This repository contains a sample project that builds a REST API with JWT authentication and authorization.
- Clone the repository
- Install project dependencies using -
npm i - Launch the server using
node index.js
-
Purpose: Authenticates a user and issues a JWT token.
-
URL: /login
-
Method: POST
-
Request Body:
- username (string): The user's username.
- password (string): The user's password.
-
Success Response:
- Code: 200 OK
- Content: { token: "<JWT_TOKEN>" } where <JWT_TOKEN> is the issued token.
-
Error Response:
- Code: 400 Bad Request
- Content: { message: 'Invalid username or password' } if the username doesn't exist or the password is incorrect.
-
Logic:
- Validates the provided username and password against the users database.
- If authentication is successful, issues a JWT token with the user's role, a 5-minute expiration, and the issuer set to 'my-api'.
- Purpose: Retrieves a list of all users. Requires admin role.
- URL: /users
- Method: GET
- Headers:
- Authorization: Bearer <JWT_TOKEN> where <JWT_TOKEN> must include an admin role.
- Success Response:
- Code: 200 OK
- Content: JSON object containing an array of users.
- Error Response:
- Code: 403 Forbidden if the JWT token is invalid or does not include the required admin role.
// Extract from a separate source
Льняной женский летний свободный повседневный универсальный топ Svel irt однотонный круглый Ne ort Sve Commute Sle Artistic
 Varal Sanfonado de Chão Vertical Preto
- Middleware: validateRequest('admin') checks the JWT token for the correct role and validity.
- Purpose: Retrieves details for a specific user by their ID. Requires admin role.
- URL: /users/:userId
- Method: GET
- URL Parameters:
- userId (required): The ID of the user to retrieve.
- Headers:
- Authorization: Bearer <JWT_TOKEN> where <JWT_TOKEN> must include an admin role.
- Success Response:
- Code: 200 OK
- Content: JSON object containing the user's details.
- Error Responses:
- Code: 404 Not Found if no user exists with the provided userId.
- Code: 403 Forbidden if the JWT token is invalid or does not include the required admin role.
- Middleware: validateRequest('admin') checks the JWT token for the correct role and validity.